9C’est ce que les langues ne disent pas qui parle d’elles. Il y a en allemand un dehors, un plein air, qui oriente toute la cénesthésie de la compréhension, une véritable culture de plein air volontiers nudiste. Les choses en allemand se déroulent, pour ainsi dire, dehors, en pleine nature, là où, en français, elles se passent plutôt dedans, au salon. L’allemand a vu naître les Wandervögel, ce mouvement de jeunesse des débuts du XXe siècle où s’affirmait avec une force véhémente la revendication de liberté sexuelle et de nudité et où l’homosexualité était revendiquée comme constitutive par Hans Blüher, dont le livre Le Wandervogel comme phénomène érotiques’est vendu à des centaines de milliers d’exemplaires, ou par Gustav Wyneken dont le livre Eros fut aussi un best-seller. Freud connaissait parfaitement ce mouvement et semble même avoir correspondu avec Blüher. C’était l’Allemagne crue et la France cuisinée. Rat des villes et rat des champs.

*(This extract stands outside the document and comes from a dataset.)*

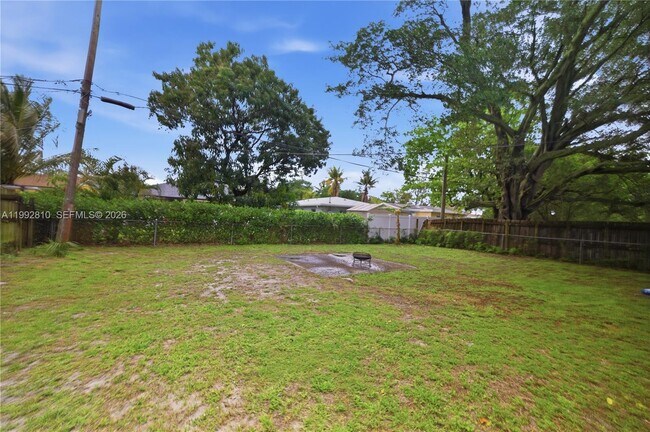 Building Photo - 1425 NW 10th Pl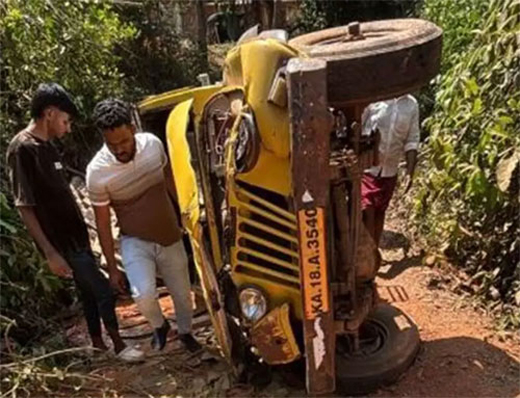 Pickup overturn at Puttur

10L’allemand est plus fait pour être parlé dehors que le français, son amplitude sonore est beaucoup plus grande que celle de ce dernier qui ne perçoit le langage qu’entre 800 et 1 800 hertz alors que l’allemand descend jusqu’à 250 hertz pour les graves et monte jusqu’à 4 000 hertz. La bande passante orale de l’allemand est donc beaucoup plus puissante et étendue que la bande passante française. Ça s’entend de beaucoup plus loin et ça crie plus fort pour rassembler ses gens, c’est plus dans la culture et moins dans la civilisation. Si bien que l’obéissance a quelque chose à voir avec l’audition, puisque horchen, « prêter l’oreille », donne « obéir », et entendre donne « appartenir » (gehören, de hören : « entendre ») – le ralliement se faisait aux cris.

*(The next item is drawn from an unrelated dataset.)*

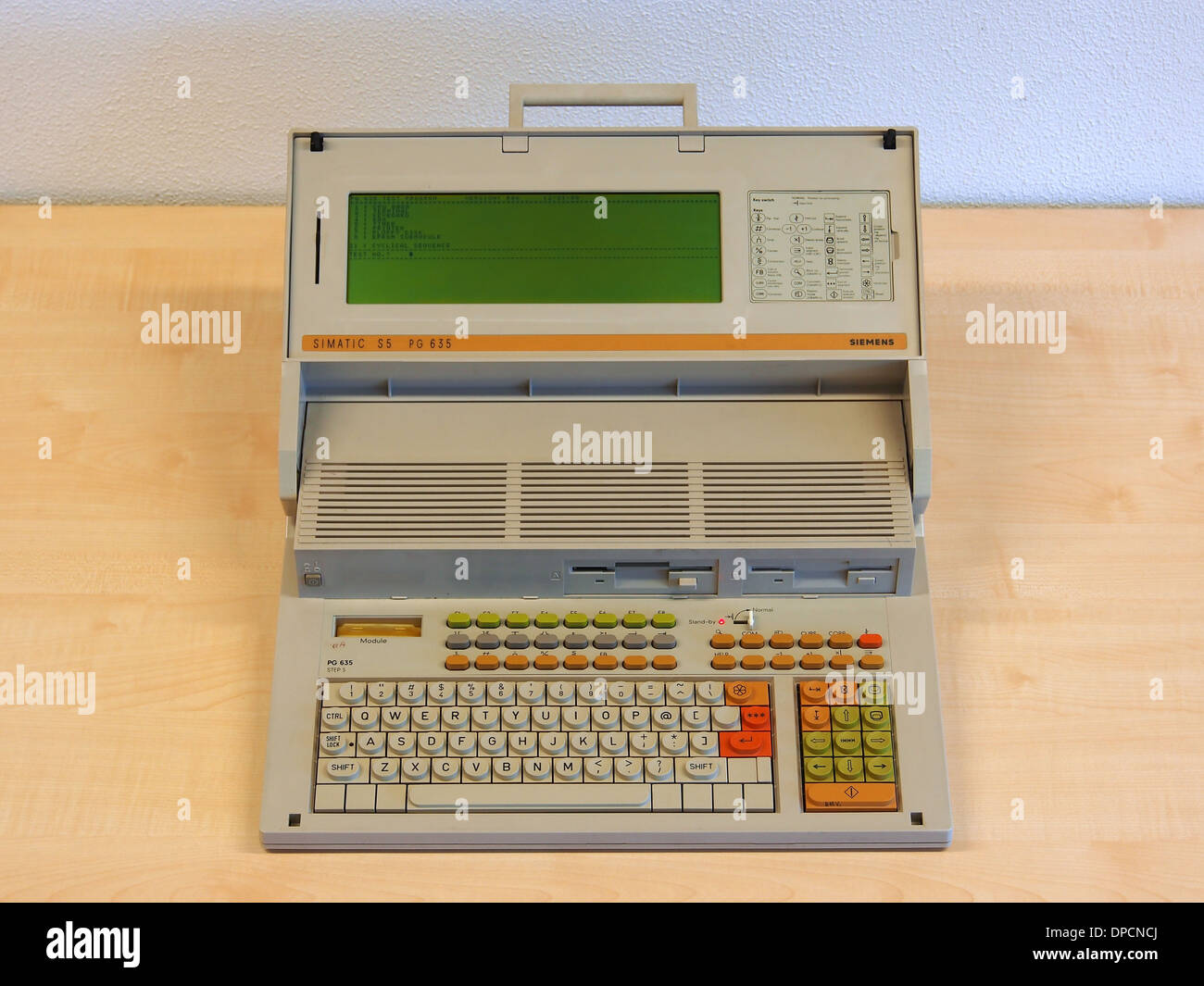 The Siemens Simatic S5 PG 635 3 is a programmable logic controller (PLC ...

11Dès qu’on exprime une idée en allemand, on la voit apparaître selon un tracé fantôme, comme figurée selon une image physique. Tout s’exprime par une mise en espace. Il est fort difficile de ne pas voir directement disposée l’idée dont il s’agit. L’expression verbale colle visuellement à ce qu’elle désigne, le mot contient en lui-même sa description. Des bretelles sont des Hosenträger, « des porte-pantalons », un cadenas est « une serrure qu’on accroche devant »(ein Vorhänegschloss), le pancréas est « la glande de la bave du ventre » (Bauchspeicheldrüse). L’expression de la réalité quotidienne est toujours triviale, une louche est « une cuiller à puiser » (Schöpflöffel) et le placenta est « le gâteau de la mère » (der Mutterkuchen). Il y a dans l’emploi de la langue allemande une sorte de réalisme concret.

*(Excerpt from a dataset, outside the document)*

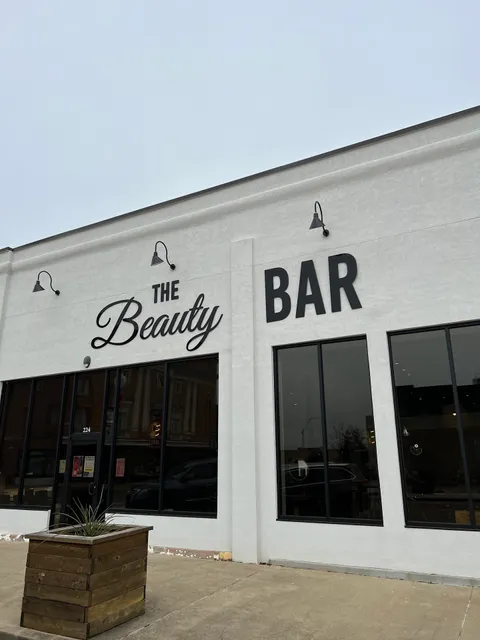 The Beauty BAR txk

12C’est évidemment bien embêtant pour nos chers philosophes qui auraient tant aimé nager eux seuls dans l’Inaccessible. Manque de pot, rien de moins abstrait que la langue allemande où tout, sauf les mots issus du latin ou du français, est parfaitement matériel.
13L’allemand ne cesse de parler de ce qu’il trouve sur son chemin, dont tous les éléments sont décrits avec précision. Si pour un « locuteur » français, pour peu qu’il n’ait jamais fait de grec, la dénomination du système osseux ou musculaire est indéchiffrable, il est parfaitement explicite pour le locuteur allemand : le grand zygomatique n’est autre que « le grand tireur vers le bas »(der grosse Herabzieher) la clavicule est « l’os clé »(Schlüsselbein) et le tibia est « l’os rail » (Schienbein).
14La plupart des termes sont auto-explicatifs. La représentation consiste à mettre debout devant, die Vorstellung, tout comme la cause est « la chose première », die Ursache; le respect est « la crainte de l’honneur », die Ehrfurcht, et l’orgueil der Hochmut, l’esprit haut ; pardonner, c’est « retirer l’accusation », verzeihen. Ce qu’on sait par cœur, c’est ce qui est tourné vers le dehors (auswendig), le danger de mort, c’est le danger de vie (Lebensgefahr) et le tiroir, lui, il se pousse(die Schieblade).On le voit, Freud avait sa planche pleine de pains et bien des fois il a dû schmunzeln, « rire dans sa barbe ».